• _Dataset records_
┏━━

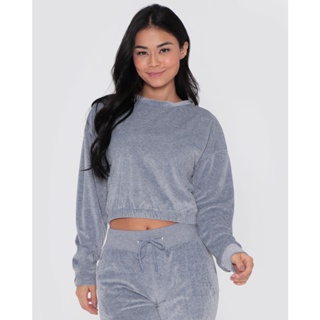 Blusa Feminina Plush Manga Longa Cropped Cinza Claro
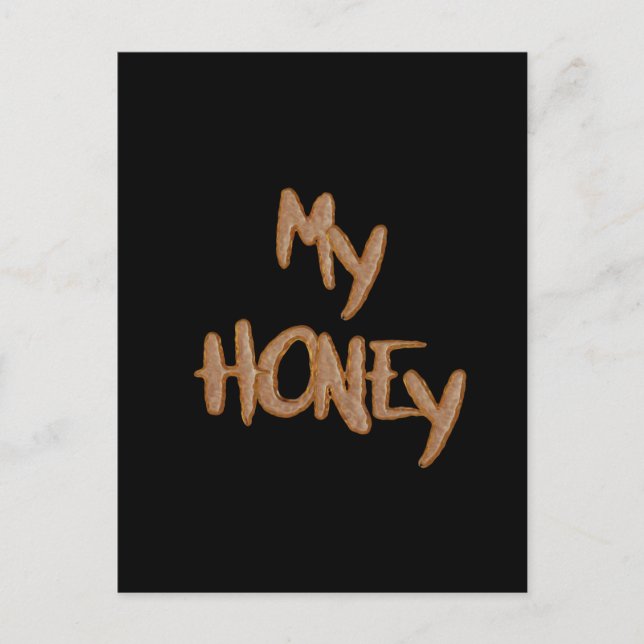Love - My Honey In Cookie Letters Postcard (Front)
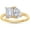 Yellow, variant on 925 Sterling Silver 14K Rose Gold Plating Emerald Shape & Pear Cut Toi Et Moi 2-Stone Engagement Anniversary Promise Ring For Women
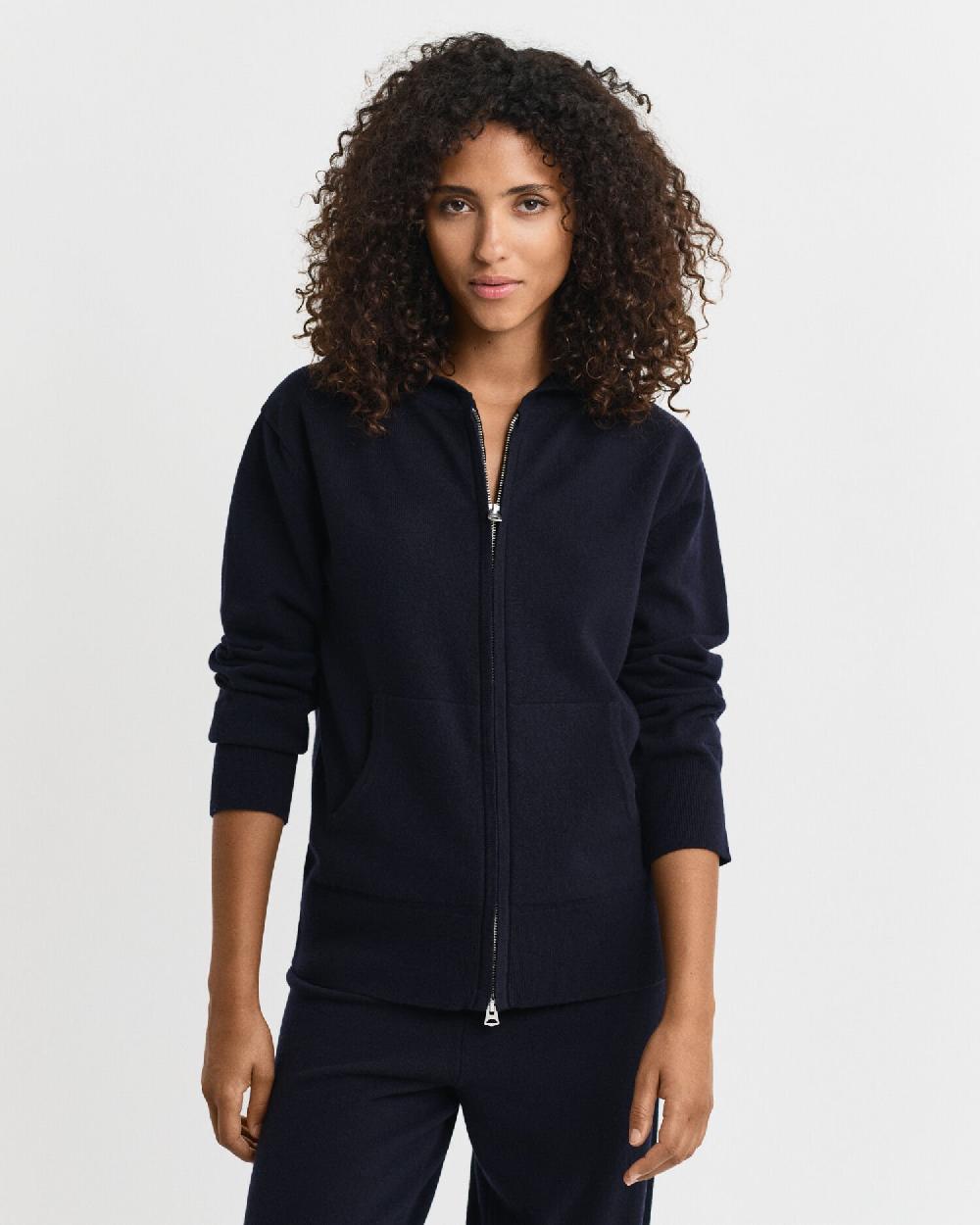gant Superfine Lambswool Zip Hoodie evening blue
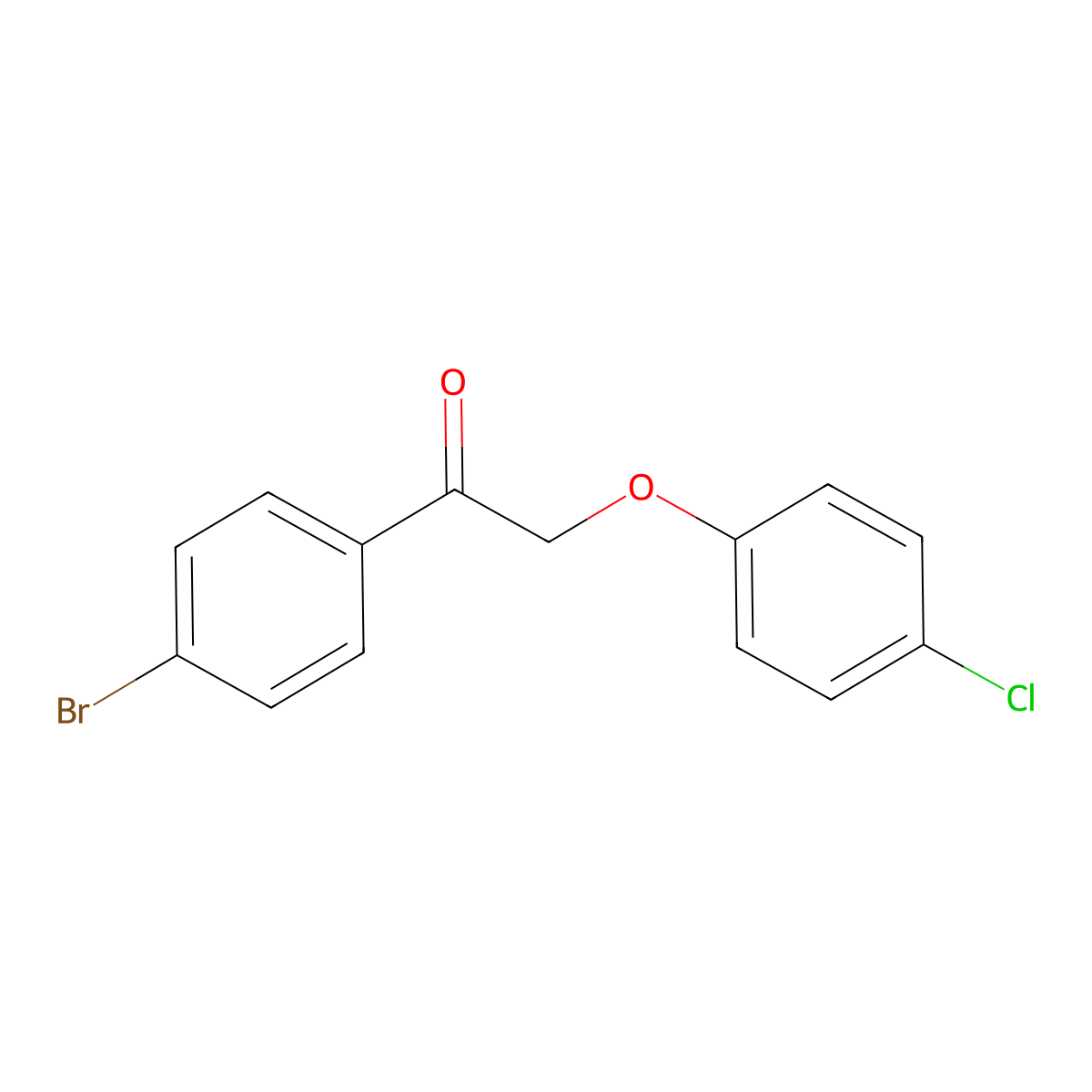 1-(4-Bromophenyl)-2-(4-chlorophenoxy)ethanone molecular structure, CAS 64009-07-0
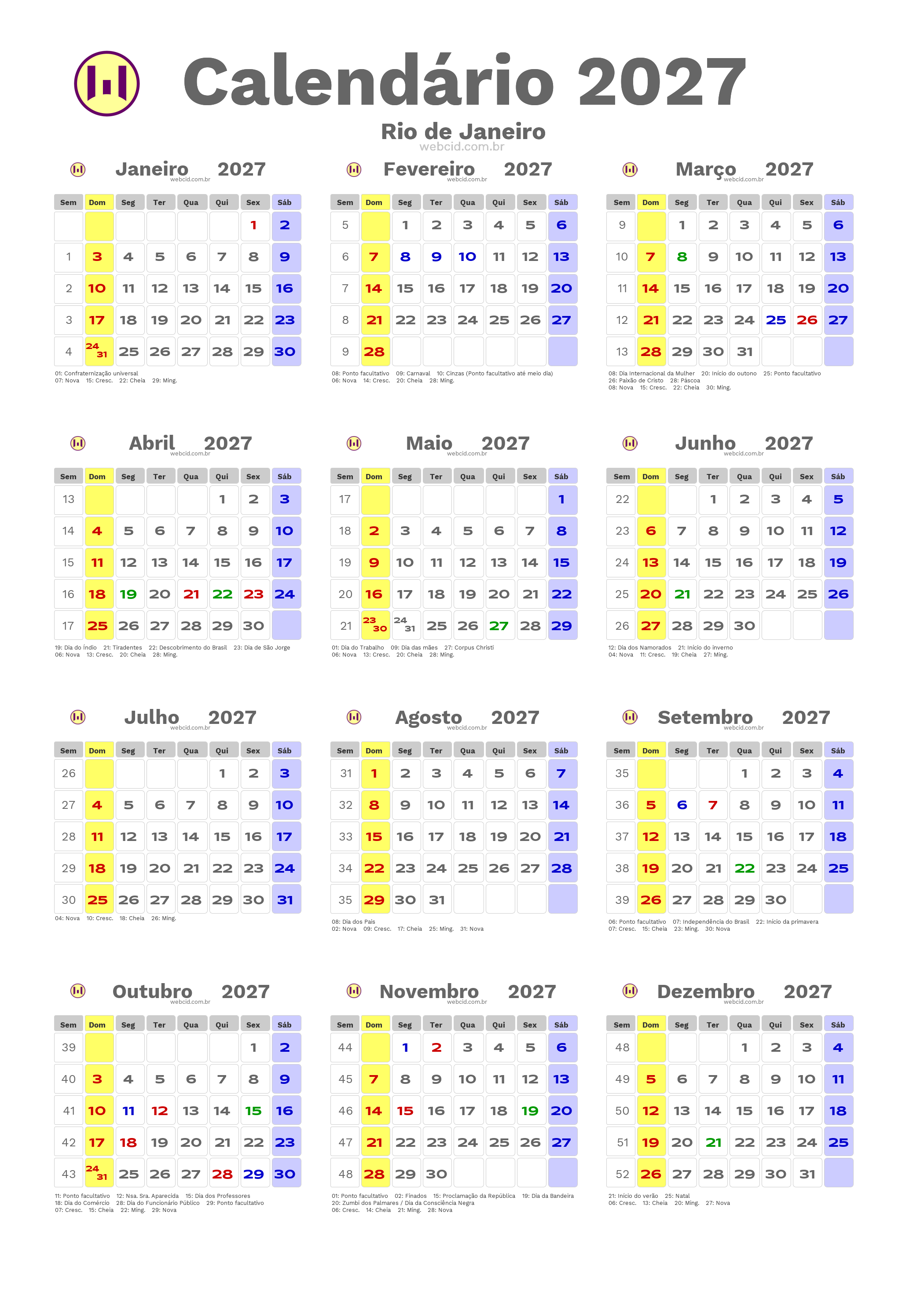 Calendário 2027 - Rio de Janeiro com feriados e fases da lua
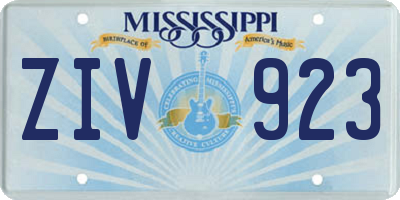 MS license plate ZIV923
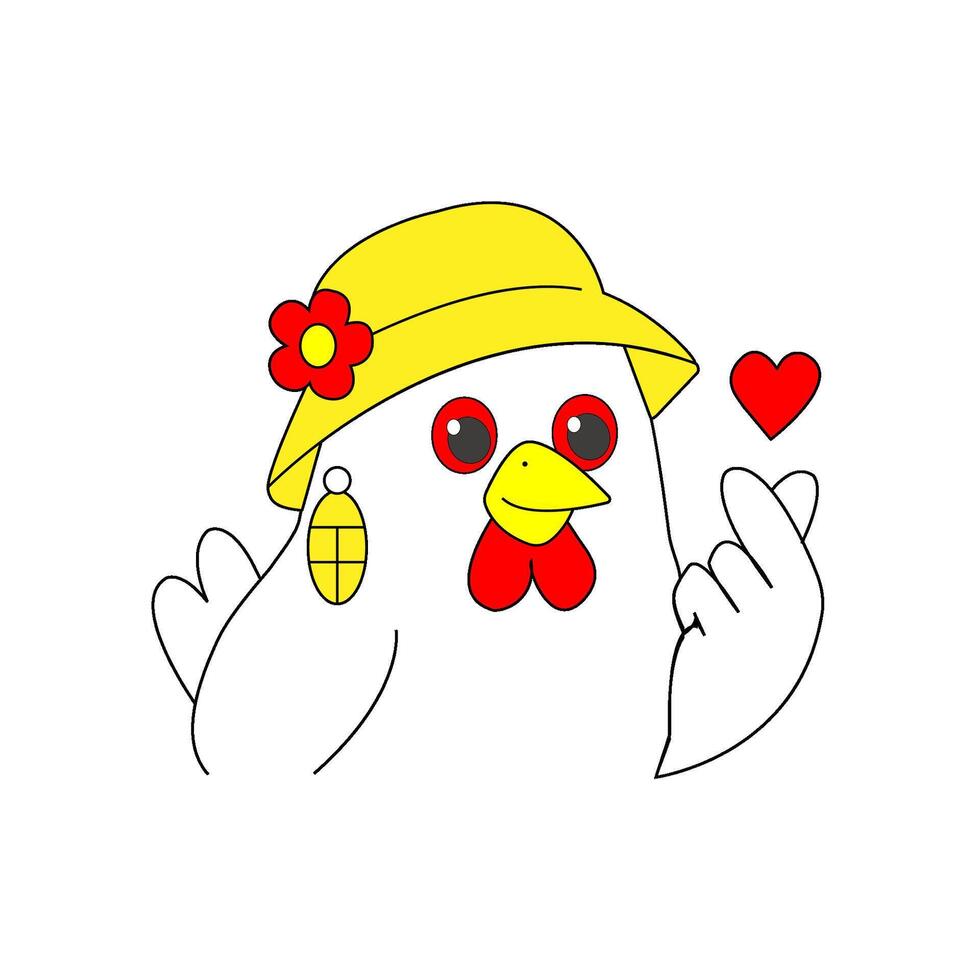 A cartoon chicken wearing a hat and holding a heart vector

┗━━

• _TASK STATEMENT_
The entries need to be restated exactly, and their pictures left out.

• _EXERCISE RESPONSE_
 Blusa Feminina Plush Manga Longa Cropped Cinza Claro
Love - My Honey In Cookie Letters Postcard (Front)
 Yellow, variant on 925 Sterling Silver 14K Rose Gold Plating Emerald Shape & Pear Cut Toi Et Moi 2-Stone Engagement Anniversary Promise Ring For Women
gant Superfine Lambswool Zip Hoodie evening blue
 1-(4-Bromophenyl)-2-(4-chlorophenoxy)ethanone molecular structure, CAS 64009-07-0
 Calendário 2027 - Rio de Janeiro com feriados e fases da lua
 MS license plate ZIV923
 A cartoon chicken wearing a hat and holding a heart vector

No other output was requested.